Japan’s constitution was created on May 3, 1947 during the occupation by allied forces and is celebrated each year as one of the 4 public holidays during the national Golden Week holiday period. When May 3rd falls on a Sunday, the holiday is taken on the next available weekday but since it’s smack bang in the middle of GW, May 6 also becomes a holiday and thus creating a longer GW for everyone to enjoy! Japanese are well known for working incredibly long hours and rarely taking their full allotment of designated holidays each year, so any excuse to extend GW is welcomed by all.

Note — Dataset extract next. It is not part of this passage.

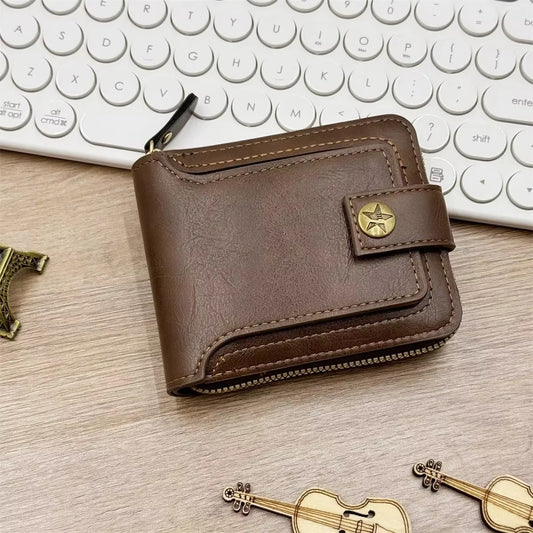 Vintage Men’s Leather Zipper Wallet – Compact & Durable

The constitution of Japan was enacted with the aim of creating a peaceful country and learning from the experiences of World War II, which resulted in many casualties. Constitution Memorial Day was established as a national holiday to commemorate the enforcement of the Constitution. It is also a day to look forward to the further growth of the nation.
Japan’s constitution was actually enacted on November 3rd 1947 and there was discussion about making November 3rd Constitution Day, however, the allied forces were said to oppose linking the Constitution with the Emperor as they believed after the experiences in WWII that the relationship between the Emperor and the people needed to be weakened in order for Japan to grow as a peaceful nation. November 3rd was also the birthday of the Meiji Emperor, so May 3 was designated as the day to celebrate this occasion.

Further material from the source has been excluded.